Ms Bolden said that in recognition of their work the pharmacy had been invited to participate with WA Country Health Service in clinical or social work, an honour she had not heard of being given to any other pharmacy.
“We are the first pharmacy I’ve heard of that this has happened to and it’s all because of our involvement with patients,” she said.
“It is a recognition that we are integrated with their care and make sure they are ok. That’s what we are here for.
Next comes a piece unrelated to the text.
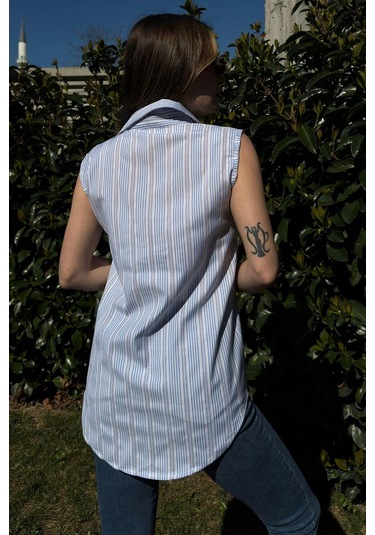 Kadın Mavi Çizgili, Dokulu Yazlık Kumaş, Yarım Patlı, Sıfır Kollu Bluz Mavi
“We look after a number of patients who could easily fall through the gaps because of their situation but we make sure that doesn’t happen and that they are looked after
“We are able to provide that extra bit of care to help them.”
Care Pharmaceuticals’ General Manager Jonathan Biddle said part of Wheatbelt Health Centre Pharmacy’s approach to increasing community engagement with its pharmacists was to focus on being medication experts rather than trying to compete with discounters.
“This frees up the time of the pharmacists to engage with patients and to be available to deliver professional services,” he said.
“This was a strong decision to make and reflects their commitment to providing what the community wants and also to improving the wellbeing of members of their community,” he said.
“Their recognition and respect as medication experts who know about and care deeply for their community has grown.
“They now find GPs and other health care professionals refer patients to them because they can trust the level of clinical skills and service delivery the pharmacy prides itself on.”